Given data ::
══════
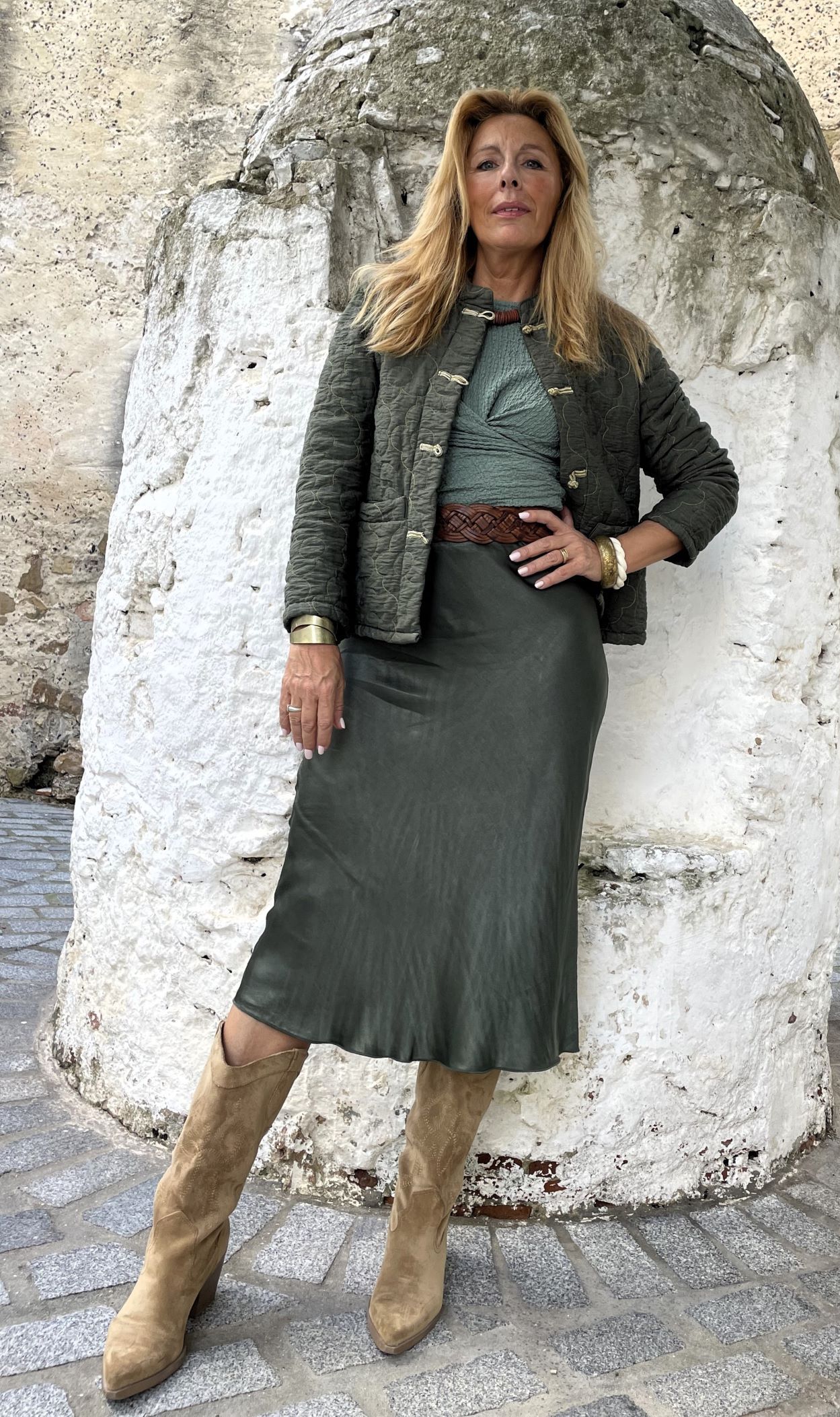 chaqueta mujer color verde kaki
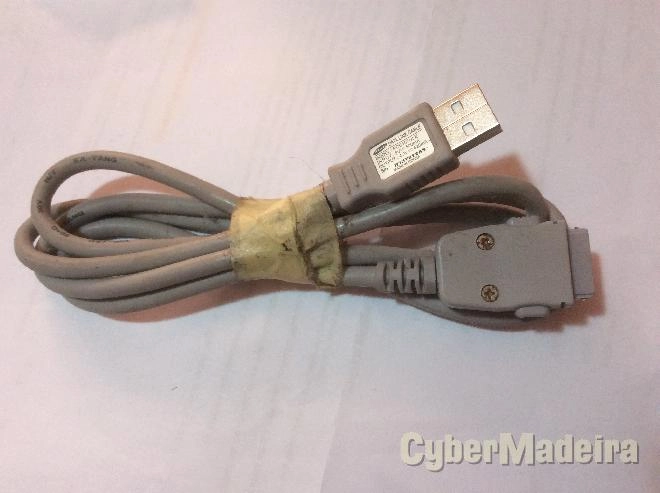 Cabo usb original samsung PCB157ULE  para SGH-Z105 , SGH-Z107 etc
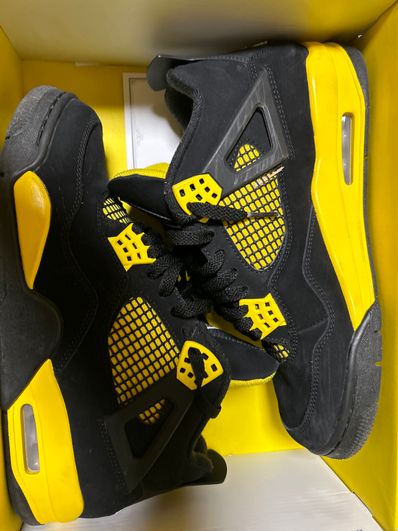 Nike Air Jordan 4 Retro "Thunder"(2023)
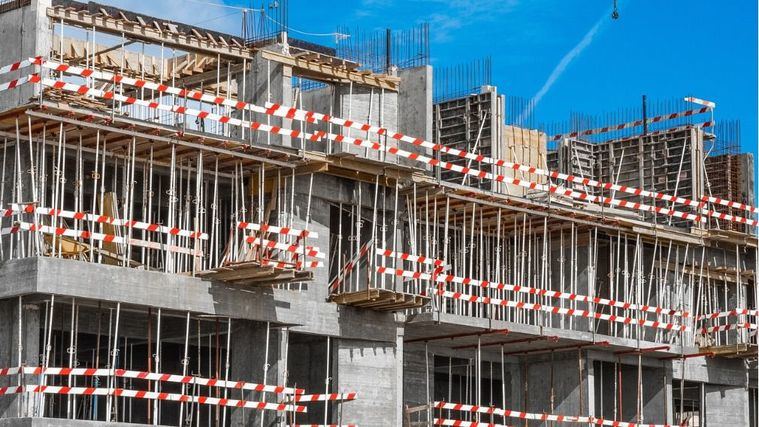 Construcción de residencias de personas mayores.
══════
Instructions for the task ::
The lines from the one containing "Nike Air Jordan" to the final line of the material, both ends included, should be retyped exactly and alone, with no pictures.

Response ::
 Nike Air Jordan 4 Retro "Thunder"(2023)
 Construcción de residencias de personas mayores.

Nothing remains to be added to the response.